In all these decisions, the Supreme Court had confirmed the validity of the notarization outside of Germany, with the underlying criterion of all Supreme Court rulings being the adherence to the principle of equivalence. Following the Supreme Court, foreign notarial deeds can be considered lawful and valid, if they are equivalent to German notarial deeds. According to the BGH, his shall be the case where both the foreign notary has a position comparable to that of a German notary and the foreign notarization procedure complies with the principles of the German Code of Authentication.

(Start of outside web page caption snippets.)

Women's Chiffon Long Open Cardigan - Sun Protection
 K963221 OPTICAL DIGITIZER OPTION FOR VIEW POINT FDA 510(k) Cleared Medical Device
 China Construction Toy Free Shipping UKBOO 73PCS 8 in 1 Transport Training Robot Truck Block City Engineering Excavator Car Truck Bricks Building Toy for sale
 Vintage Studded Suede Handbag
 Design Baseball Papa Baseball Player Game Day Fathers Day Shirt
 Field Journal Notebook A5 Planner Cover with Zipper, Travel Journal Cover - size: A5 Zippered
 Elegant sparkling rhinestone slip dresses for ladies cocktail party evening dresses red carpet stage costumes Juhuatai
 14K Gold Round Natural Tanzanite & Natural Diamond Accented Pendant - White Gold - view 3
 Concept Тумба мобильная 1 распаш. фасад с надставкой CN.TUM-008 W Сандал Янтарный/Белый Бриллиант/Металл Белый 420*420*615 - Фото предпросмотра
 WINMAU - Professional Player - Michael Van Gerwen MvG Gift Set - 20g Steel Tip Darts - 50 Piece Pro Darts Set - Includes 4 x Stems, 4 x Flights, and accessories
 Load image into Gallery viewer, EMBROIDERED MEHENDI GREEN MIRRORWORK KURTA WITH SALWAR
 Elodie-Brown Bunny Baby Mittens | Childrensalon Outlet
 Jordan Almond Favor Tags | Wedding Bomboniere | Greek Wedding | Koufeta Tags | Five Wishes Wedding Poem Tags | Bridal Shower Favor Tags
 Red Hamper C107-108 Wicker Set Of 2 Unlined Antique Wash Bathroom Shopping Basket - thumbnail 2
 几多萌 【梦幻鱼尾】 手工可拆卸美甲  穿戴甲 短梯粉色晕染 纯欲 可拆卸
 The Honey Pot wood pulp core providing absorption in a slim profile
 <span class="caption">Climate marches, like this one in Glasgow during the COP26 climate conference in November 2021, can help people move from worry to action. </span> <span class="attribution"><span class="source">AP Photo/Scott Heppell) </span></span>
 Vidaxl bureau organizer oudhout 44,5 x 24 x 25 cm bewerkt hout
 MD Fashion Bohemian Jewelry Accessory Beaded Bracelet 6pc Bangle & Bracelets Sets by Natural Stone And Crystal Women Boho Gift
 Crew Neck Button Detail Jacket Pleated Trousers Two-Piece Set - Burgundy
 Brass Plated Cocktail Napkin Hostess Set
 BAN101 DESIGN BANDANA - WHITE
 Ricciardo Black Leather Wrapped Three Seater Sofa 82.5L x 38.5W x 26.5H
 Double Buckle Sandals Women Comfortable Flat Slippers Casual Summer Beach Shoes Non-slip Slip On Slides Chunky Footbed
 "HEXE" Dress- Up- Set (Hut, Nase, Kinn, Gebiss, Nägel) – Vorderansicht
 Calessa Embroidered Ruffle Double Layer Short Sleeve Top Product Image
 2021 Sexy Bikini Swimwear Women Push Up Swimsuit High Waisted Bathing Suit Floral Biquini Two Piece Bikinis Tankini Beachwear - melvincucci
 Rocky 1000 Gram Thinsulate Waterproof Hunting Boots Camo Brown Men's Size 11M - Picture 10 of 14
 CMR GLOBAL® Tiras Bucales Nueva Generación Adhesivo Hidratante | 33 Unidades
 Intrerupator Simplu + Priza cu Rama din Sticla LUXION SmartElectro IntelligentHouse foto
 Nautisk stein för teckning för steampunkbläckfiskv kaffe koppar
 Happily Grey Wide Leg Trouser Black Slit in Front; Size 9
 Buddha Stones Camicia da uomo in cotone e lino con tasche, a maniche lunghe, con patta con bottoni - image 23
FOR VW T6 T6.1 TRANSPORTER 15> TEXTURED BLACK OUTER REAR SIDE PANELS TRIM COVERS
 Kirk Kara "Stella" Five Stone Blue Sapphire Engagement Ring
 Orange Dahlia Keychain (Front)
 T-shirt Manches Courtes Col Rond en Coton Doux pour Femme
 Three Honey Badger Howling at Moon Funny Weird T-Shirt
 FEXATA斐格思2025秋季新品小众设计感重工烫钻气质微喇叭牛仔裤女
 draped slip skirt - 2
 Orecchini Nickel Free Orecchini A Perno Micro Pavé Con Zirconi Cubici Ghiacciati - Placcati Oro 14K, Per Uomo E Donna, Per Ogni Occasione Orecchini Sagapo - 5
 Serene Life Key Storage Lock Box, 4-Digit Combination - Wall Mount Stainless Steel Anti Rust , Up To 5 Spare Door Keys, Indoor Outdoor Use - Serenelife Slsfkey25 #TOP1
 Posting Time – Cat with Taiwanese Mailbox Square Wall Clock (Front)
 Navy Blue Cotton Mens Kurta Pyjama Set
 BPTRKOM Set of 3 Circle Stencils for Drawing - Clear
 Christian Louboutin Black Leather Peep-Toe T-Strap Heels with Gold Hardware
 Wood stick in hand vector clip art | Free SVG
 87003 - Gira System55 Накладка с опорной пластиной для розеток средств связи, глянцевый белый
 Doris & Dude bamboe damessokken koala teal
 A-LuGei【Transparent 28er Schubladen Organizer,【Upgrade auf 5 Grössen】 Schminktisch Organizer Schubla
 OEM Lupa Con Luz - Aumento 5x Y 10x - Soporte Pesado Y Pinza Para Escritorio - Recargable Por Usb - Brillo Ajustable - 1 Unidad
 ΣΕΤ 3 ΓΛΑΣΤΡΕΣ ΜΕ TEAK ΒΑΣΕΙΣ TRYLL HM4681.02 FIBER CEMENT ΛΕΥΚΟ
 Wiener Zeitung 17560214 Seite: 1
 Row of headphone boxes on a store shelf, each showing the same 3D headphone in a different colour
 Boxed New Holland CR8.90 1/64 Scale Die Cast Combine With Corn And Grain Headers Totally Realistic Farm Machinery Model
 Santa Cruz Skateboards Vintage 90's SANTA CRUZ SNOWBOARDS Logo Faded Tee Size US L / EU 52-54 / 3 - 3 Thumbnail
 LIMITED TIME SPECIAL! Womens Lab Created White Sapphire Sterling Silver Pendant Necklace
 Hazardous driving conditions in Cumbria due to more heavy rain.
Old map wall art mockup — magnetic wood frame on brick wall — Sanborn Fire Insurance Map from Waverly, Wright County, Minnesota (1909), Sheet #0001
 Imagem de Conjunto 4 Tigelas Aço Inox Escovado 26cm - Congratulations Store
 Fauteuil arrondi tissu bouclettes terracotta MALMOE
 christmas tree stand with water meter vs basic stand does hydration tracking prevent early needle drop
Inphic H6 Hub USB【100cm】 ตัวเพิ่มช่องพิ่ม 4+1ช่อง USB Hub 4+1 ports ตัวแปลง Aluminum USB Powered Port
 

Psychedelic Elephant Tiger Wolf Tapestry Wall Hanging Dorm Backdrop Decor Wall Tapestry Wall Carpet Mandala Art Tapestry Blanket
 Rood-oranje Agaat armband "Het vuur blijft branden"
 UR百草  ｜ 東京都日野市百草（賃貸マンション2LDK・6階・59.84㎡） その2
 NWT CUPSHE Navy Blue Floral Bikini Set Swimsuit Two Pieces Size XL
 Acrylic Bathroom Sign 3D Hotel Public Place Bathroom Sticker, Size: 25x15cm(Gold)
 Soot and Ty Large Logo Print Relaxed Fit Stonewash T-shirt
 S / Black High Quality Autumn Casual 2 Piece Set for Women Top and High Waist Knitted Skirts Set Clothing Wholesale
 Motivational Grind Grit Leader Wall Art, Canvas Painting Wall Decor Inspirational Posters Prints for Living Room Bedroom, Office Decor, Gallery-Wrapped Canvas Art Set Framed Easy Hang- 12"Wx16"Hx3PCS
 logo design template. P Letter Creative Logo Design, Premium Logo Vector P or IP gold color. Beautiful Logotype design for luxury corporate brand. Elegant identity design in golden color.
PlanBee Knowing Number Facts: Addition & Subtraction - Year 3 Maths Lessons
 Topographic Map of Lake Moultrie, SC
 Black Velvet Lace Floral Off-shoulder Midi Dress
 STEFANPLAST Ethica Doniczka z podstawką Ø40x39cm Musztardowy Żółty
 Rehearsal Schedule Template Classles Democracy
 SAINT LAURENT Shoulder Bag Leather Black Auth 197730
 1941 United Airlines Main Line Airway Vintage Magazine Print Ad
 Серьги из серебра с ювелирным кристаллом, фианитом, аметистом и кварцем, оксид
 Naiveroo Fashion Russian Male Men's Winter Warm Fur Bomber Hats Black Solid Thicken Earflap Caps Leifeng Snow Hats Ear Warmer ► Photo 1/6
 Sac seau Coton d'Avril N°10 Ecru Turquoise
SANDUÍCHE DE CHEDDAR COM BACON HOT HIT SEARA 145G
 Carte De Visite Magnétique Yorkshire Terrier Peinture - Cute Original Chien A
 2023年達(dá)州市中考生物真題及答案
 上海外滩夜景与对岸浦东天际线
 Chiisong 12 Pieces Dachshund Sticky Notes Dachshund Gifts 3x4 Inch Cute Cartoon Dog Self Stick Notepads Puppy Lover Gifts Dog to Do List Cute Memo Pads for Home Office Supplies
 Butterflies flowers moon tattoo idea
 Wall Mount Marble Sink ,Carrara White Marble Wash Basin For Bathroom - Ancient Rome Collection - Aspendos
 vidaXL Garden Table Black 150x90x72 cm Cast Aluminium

The AG argued that the notarization procedure in the canton Bern is not equivalent to the German procedure, as the rules applicable in Bern do not provide for an obligation to have the entire notarial deed read out aloud. Under German law, a violation of the requirement to have the full notarial deed read out aloud results in the invalidity of the notarial deed. Further, the AG comes to the conclusion that it is not possible to generally waive the notarial instruction- and control-obligations by choosing a foreign notary public. According to the AG, the relevant explanations and instructions by a German notary can only be dispensed if special conditions are met, for example if the parties are not worthy of protection.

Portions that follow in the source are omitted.